Mr. Ames sits at his desk. The same desk he’s been at for years and years, even with different students passing through each year. Does he know the impact of his teaching, the lives that he has changed? The rays of the sun rising in the east shine through the window each morning. His bald head glistens and shimmers in the sunlight. I remember that he always made classes enjoyable and meaningful. For the first time in my life, I would want to come to school each day, eager and excited to learn. I remember one day in particular; a large Coke bottle, a bag of sugar, and a scale stood on his desk. “How many of you know how much sugar is in Coke?” he asked the class. He put on his clear round glasses and raised the Coke bottle to his face, reading off the nutrition facts and exclaimed, “65 grams! Do you guys know what 65 grams of sugar looks like?” He took out a silver spoon and began shoveling sugar onto the scale. The numbers on the scale slowly started to creep up. By the time the scale read 65 grams, there was a mountain of sugar, almost as tall as the bottle itself. “That is how much sugar they put in that Coke bottle,” he said. I do not know why I remember this class in particular. Maybe it was because he always brought the real world into the classroom and taught us lessons that would become important to us in the future.

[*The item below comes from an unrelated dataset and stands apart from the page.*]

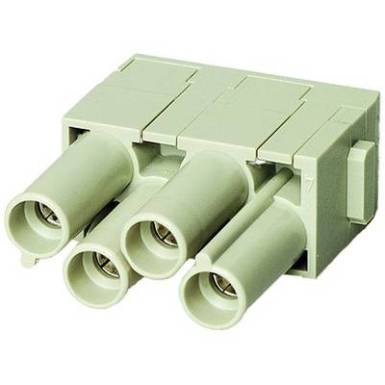 jack modul 09140043141 Harting Tartalom: 1 db jack modul 09140043141 Harting Tartalom: 1 db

I remember he was especially interested in my passion for fly fishing. So much so that at the end of the year, I couldn’t resist but gift him a fly fishing rod. Maybe he still uses that fly rod I gave to him all those years ago. I imagine him standing in the amazing Madison River Valley in Montana.

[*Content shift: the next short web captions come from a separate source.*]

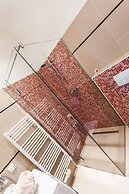 Vienna Market Apartment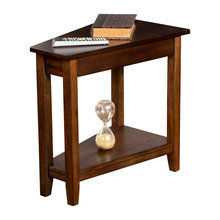 tables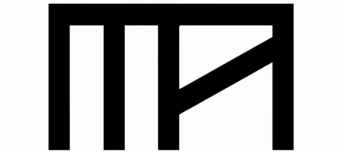 Veranstalter:in von THE RISE OF BPM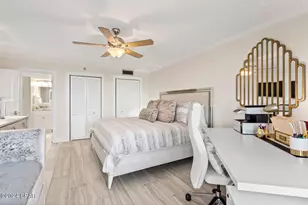 6201 Thomas Dr, Panama City, FL 32408 - Photo 24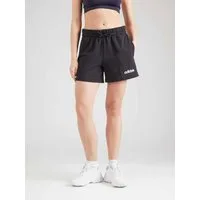 adidas Sportswear Sporthose Essentials (1-tlg)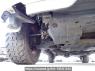 Used 2011 AT toyota land-cruiser-prado TRJ150W Image[34]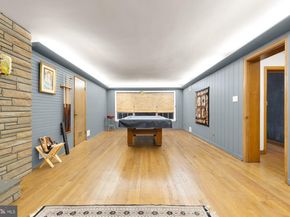 1755 Upshur Street NW, Washington DC 20011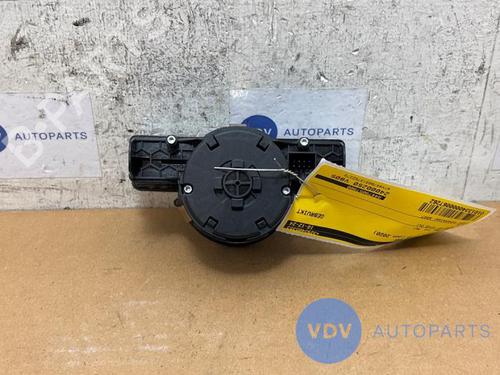 Headlight switch MERCEDES-BENZ VITO Van (W447) 116 CDI (447.601, 447.603, 447.605) | BP25968929I24 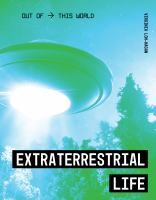 Extraterrestrial_life
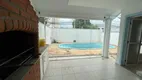 Foto 17 de Casa de Condomínio com 3 Quartos à venda, 154m² em Jardim Sao Carlos, Sorocaba
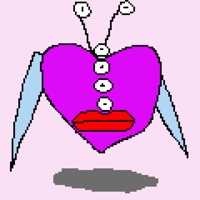 zion's avatar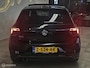 Volkswagen Polo 2.0 TSI GTI Panorama/Keyless/Virtual/Camera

The mountains, though in the distance, seem so close that you could touch them. The white flecks of snow, frozen on its peaks and the river winding through the valley, shimmering as it bounces off the gravel and carves its way into the banks. The faint whispering of endless water as it splashes and tumbles through the fields, and when the sun sets in the valley, its bright red glow still remains, hovering on top of the peaks lighting the sky on fire, chipped with stars, as if someone had run a purple paintbrush across the sky.
I imagine him standing there, the occasional whip of the fly line as he waves his rod back and forth. The line and the fly gently resting on the water before a large rainbow trout, vibrant with red and black spots, comes up and sips it off the surface. I imagine him standing there until it is dark; the shadows of the mountains still looming in the distance against a backdrop of glitter and a myriad of colors. Maybe he looks back to that 4th grade class he had in the distant past and smiles.